Has Development Entered a Post-Human Rights Era? Reuniting the Generations of Human Rights for Sustainable Development.

Tuesday, 12 July 2016: 15:15
Location: Hörsaal III (Neues Institutsgebäude (NIG))
Oral Presentation
Su-ming KHOO, National University of Ireland, Galway, Ireland
Chiara COSTANZO, National University of Ireland Galway, Ireland
Since the 1990s, development research, policy and practice has embraced a human rights agenda. Many attempts have been made to inform development with human rights concerns, align development agendas with human rights frameworks and integrate human rights in practice via the adoption of ‘rights based approaches’ to development.

Yet, recent research suggests that human rights has lost traction in the post-2015 development consensus (Brolan et al 2015). This is worrying, given that these findings were for health rights, arguably the most advanced domain of rights in practice, and a fundamental underpinning for global struggles for health justice. Expanding the humanitarian relief agenda may meet immediate human needs where development has failed, but has the development community left human rights behind as a project and a principle?

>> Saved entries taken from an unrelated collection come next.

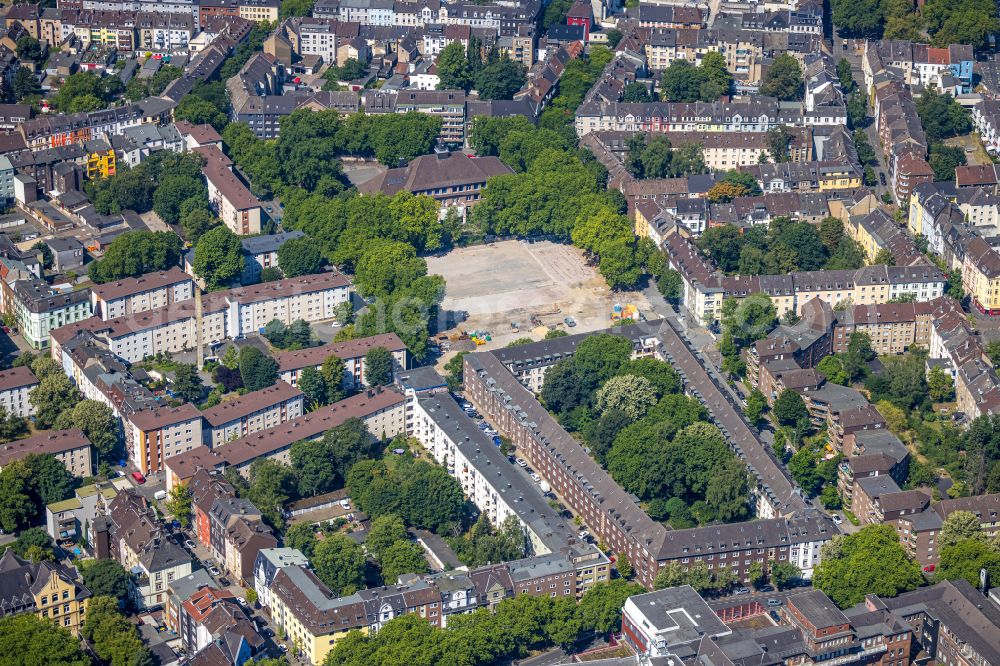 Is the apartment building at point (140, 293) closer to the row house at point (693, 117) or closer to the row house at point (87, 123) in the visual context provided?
the row house at point (87, 123)

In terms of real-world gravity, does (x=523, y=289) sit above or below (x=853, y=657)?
above

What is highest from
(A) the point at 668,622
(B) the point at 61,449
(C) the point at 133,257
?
(C) the point at 133,257

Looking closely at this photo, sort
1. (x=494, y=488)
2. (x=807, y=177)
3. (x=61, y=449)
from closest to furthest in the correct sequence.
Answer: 1. (x=494, y=488)
2. (x=61, y=449)
3. (x=807, y=177)

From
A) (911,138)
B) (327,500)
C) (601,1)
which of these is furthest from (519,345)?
(601,1)

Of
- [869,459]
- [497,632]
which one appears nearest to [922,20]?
[869,459]

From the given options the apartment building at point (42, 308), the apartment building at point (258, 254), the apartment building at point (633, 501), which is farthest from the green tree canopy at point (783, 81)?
the apartment building at point (42, 308)

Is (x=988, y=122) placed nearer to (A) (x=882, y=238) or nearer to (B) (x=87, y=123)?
(A) (x=882, y=238)

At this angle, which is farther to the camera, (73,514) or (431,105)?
(431,105)

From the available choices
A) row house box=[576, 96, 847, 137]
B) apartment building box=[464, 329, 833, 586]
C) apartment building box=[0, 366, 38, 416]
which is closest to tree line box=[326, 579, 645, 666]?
apartment building box=[464, 329, 833, 586] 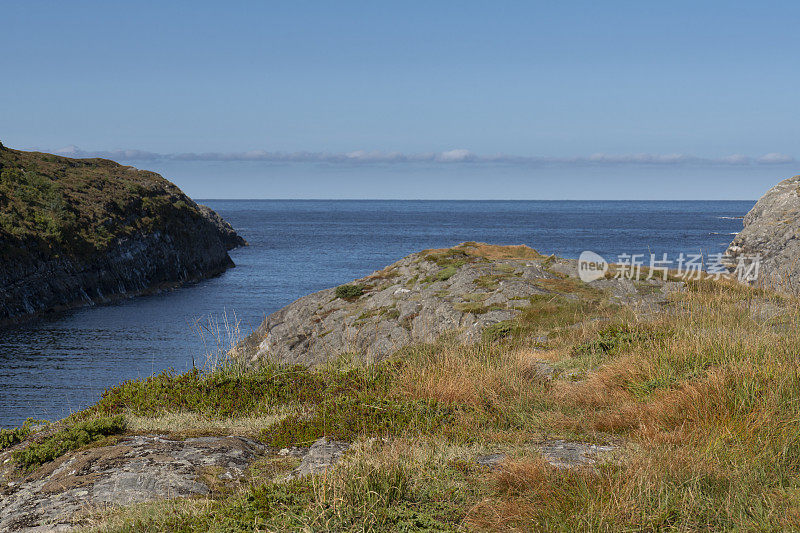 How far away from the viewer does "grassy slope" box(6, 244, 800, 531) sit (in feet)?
14.5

We confront the possibility that development has entered a post-human rights era, and consider the possibility of rediscovering and rehabilitating human rights within the sustainable development agenda, as well as the major challenges and barriers to doing this. Responding to a fundamental provocation for human rights to move from victims’ justice to survivors’ justice (Mamdani 2014), a rights-based development agenda involves three elements: deeper democratization of development processes, incorporation of environmental principles into human rights and development of concrete arrangements for harm reparation and benefit sharing. This re-aligns the elements of participation, benefit-sharing and environmental protection, which have evolved along divergent paths. We argue that the time has come to reunite the ‘generations’ of negative, positive and collective rights in the pursuit of sustainable development. The liberty to demand rights and equity in enjoyment of rights must be complemented with a commitment to solidarity, understood as common, but differentiated responsibilities to re-distribute power and resources required for sustainable development to become inclusive and non-discriminatory, while remaining within ‘safe spaces’ of ecological and social survival.